Je voudrais revenir sur les vols d’étourneaux. Vous avez tous observé cela, à la bonne saison, ces extraordinaires figures, ballets, que forment les étourneaux. Ils forment des filets, des structures en filets, liquides, qui se déplacent, et qui sont des objets mathématiques absolument sublimes. On a toujours eu beaucoup de mal à comprendre comment ils faisaient : pour ne pas se quitter, s’éparpiller, et comment ils faisaient pour ne pas non plus s’agglutiner. Il est apparu, contrairement à ce que l’on pense, que cette structure n’est possible que s’il n’y a pas de chef, s’il n’y a pas de leader, d’une part. Et cette structure n’est possible, aussi, que parce que les liaisons sont peu nombreuses, c’est-à-dire que chaque étourneau, donc chaque point du filet d’étourneaux, est lié à peu près à sept ou huit autres étourneaux, dans un lien qui est constamment modifiable – c’est-à-dire que ce n’est pas les sept ou huit mêmes. C’est comme ça tout le temps, et c’est ce ‘‘comme ça tout le temps’’ qui structure la tenue du filet. Or, ce qui m’intéresse là-dedans comme image, c’est qu’on ne peut pas parler d’égalité des étourneaux entre eux, mais on peut parler d’une structure politique, si l’on peut dire, en tous cas spatiale, qui les tient ensemble comme séparés.
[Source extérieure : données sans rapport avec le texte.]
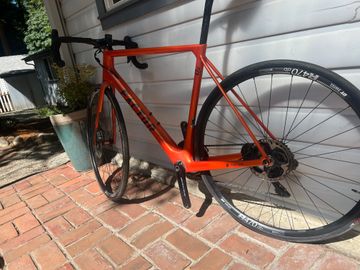 Used Factor 02 2018 Road & Gravel, Orange — image 2 of 5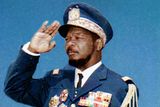 "Plukovník Bokassa chce jen sbírat medaile a je příliš hloupý na to, aby provedl státní převrat," prohlásil o něm při jedné večeři tehdejší prezident a jeho bratranec David Dacko. Reagoval tak na varování svých poradců, že armáda má v novém africkém státě příliš velký vliv.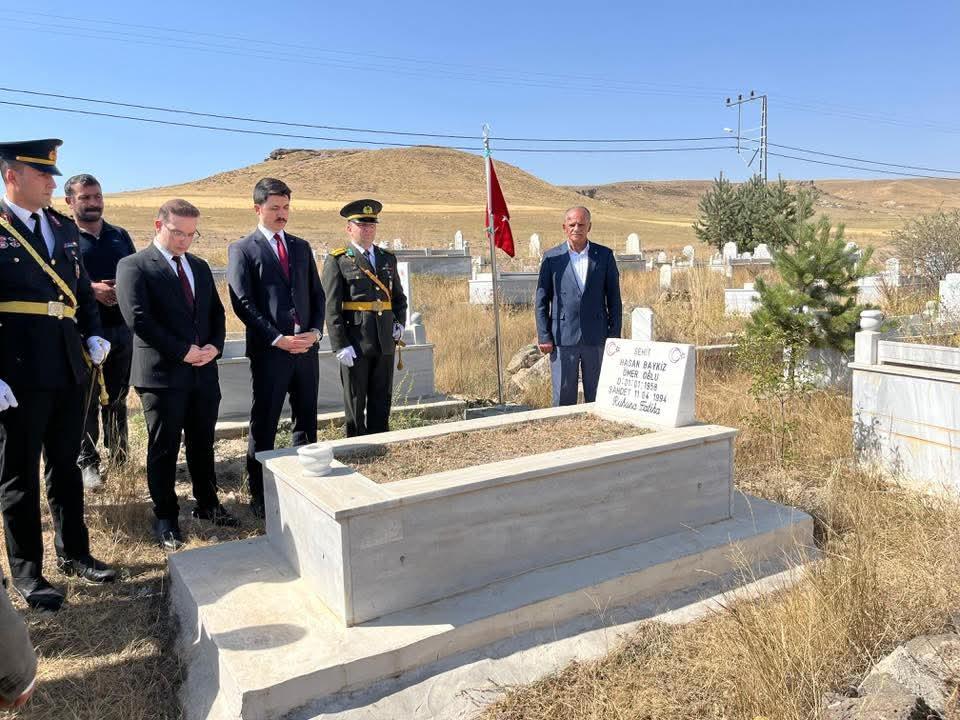 Digor Kaymakamı Kahraman’dan Şehit Hasan Baykız’a Vefa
Cette structure qui tient les hommes ensemble comme séparés, c’est peut-être ce que vainement, depuis qu’il y a des hommes, nous cherchons. Il y aurait à creuser davantage (de ce côté :) voir comment l’espacement n’est possible comme espacement, que parce qu’il espace des distincts, et non pas des semblables. Dans le discours de l’égalité, dans le discours des semblables, dans le discours des égaux, il y a la déposition d’une pensée toujours séparatrice et toujours hiérarchique, ou du moins, d’une pensée qui n’est pas capable, qui n’a pas su séparer la séparation de la hiérarchisation. Et c’est d’autant plus pénible et tracassant, que dès lors qu’il y a représentation, au sens politique, il y a forcément quelque chose de cela de cette non séparation entre la séparation et la hiérarchisation qui se pointe et qui revient.
Jean-Christophe Bailly
Intervention aux Samedis du livre du Collège International de Philosophie sur le thème : L’homme sans. Politiques de la finitude de Martin Crowley, enregistrée le 20 mars 2010 (Source)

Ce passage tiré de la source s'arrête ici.